• _Information supplied_:
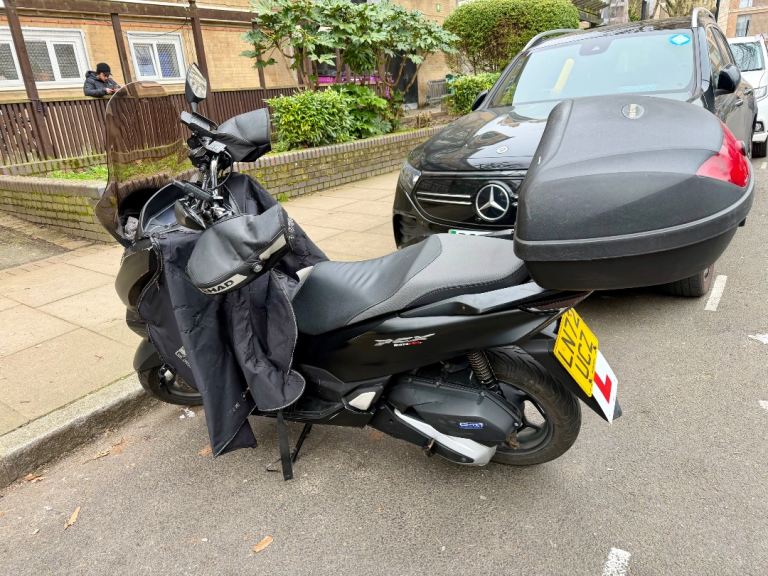 Honda, PCX, 2022, 125 (cc)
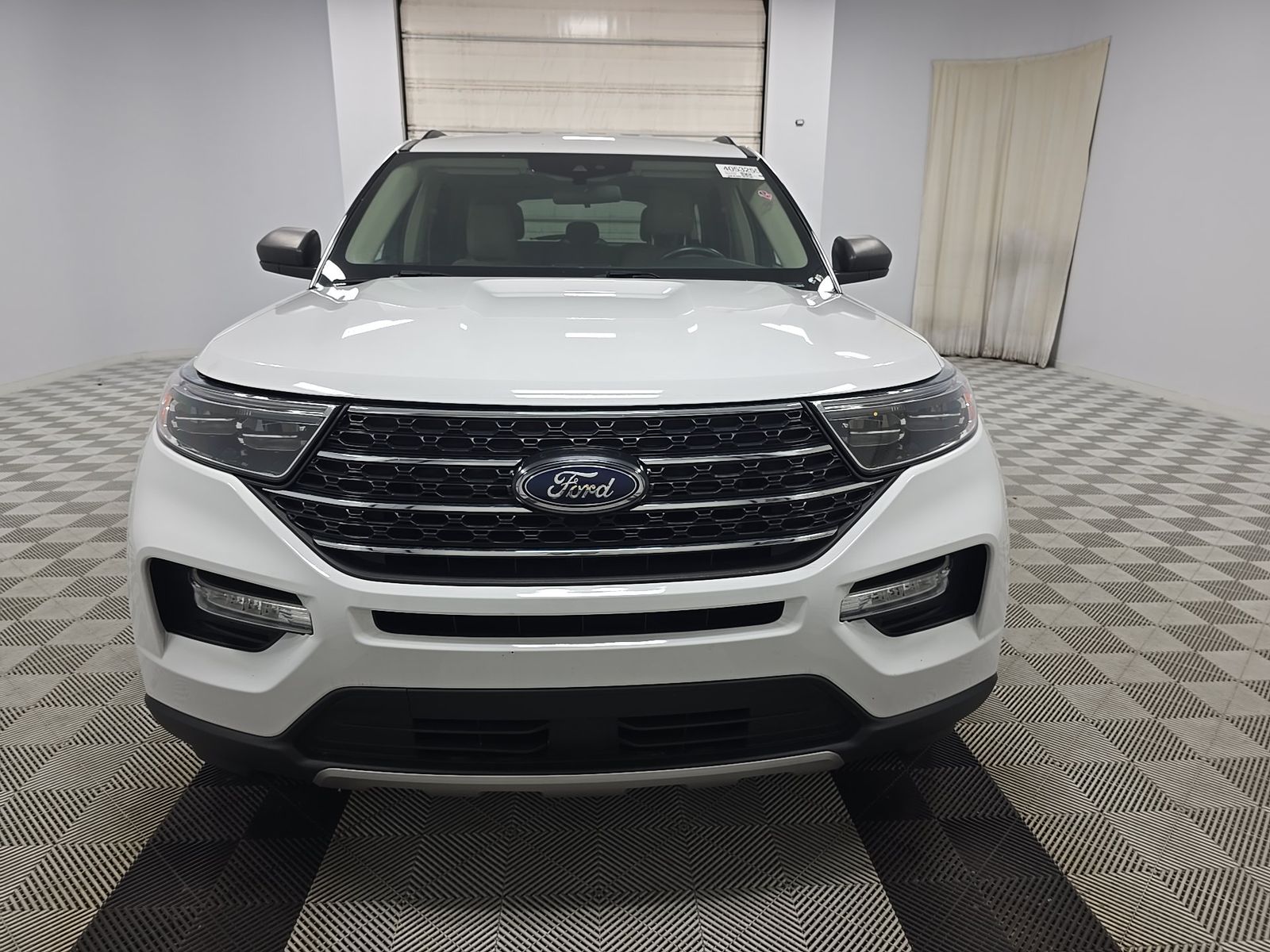 FORD EXPLORER - 3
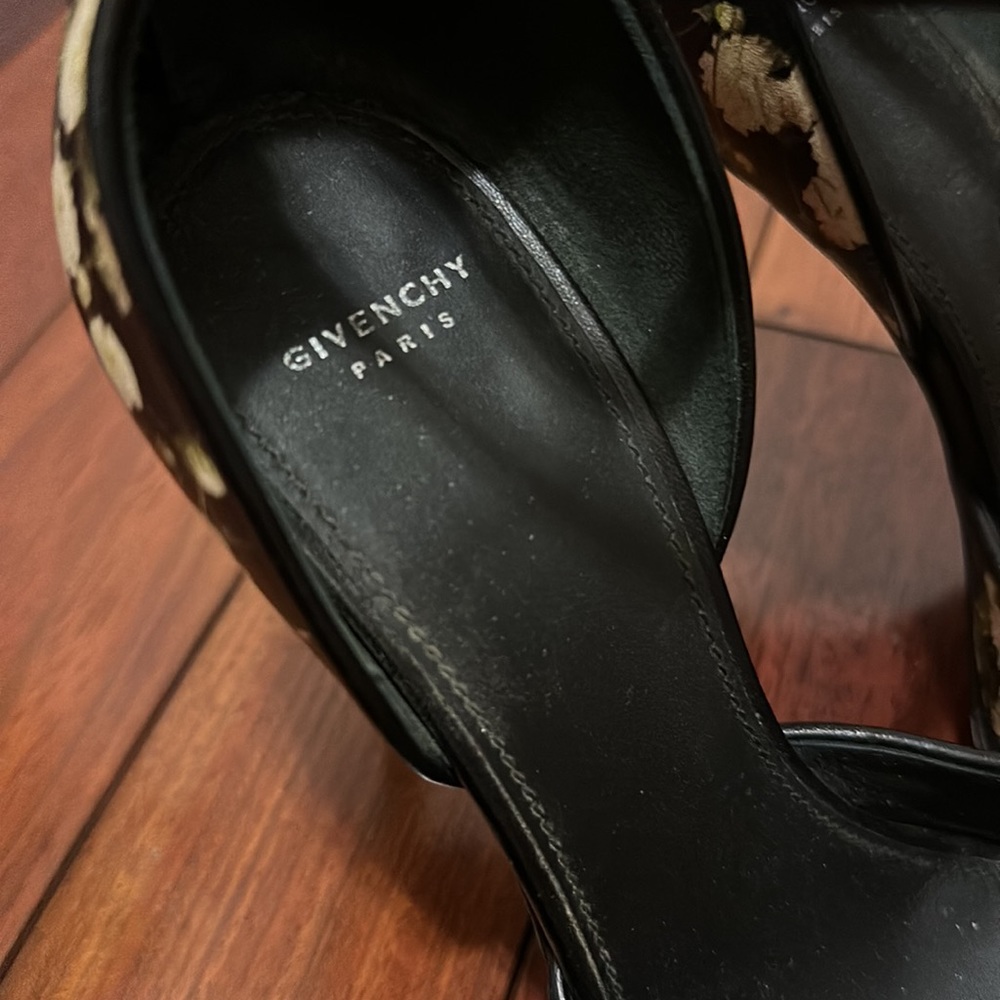 Givenchy Floral Sandal Heels 6.5 - Picture 3 of 12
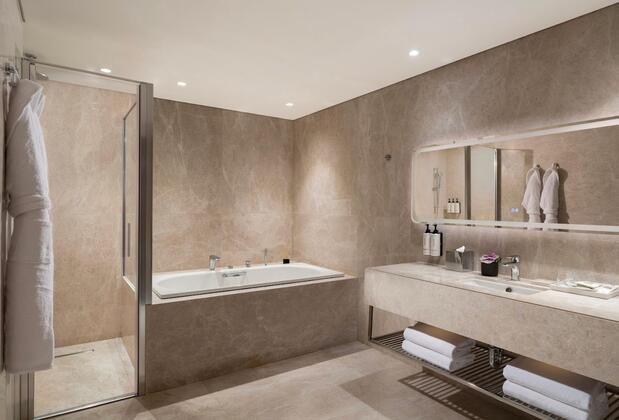 Crowne Plaza Istanbul Ortakoy Bosphorus - Görsel 18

• _Assigned task_:
The task requires the full listing to be given again verbatim, without its pictures.

• _Solution to the problem_:
 Honda, PCX, 2022, 125 (cc)
 FORD EXPLORER - 3
 Givenchy Floral Sandal Heels 6.5 - Picture 3 of 12
 Crowne Plaza Istanbul Ortakoy Bosphorus - Görsel 18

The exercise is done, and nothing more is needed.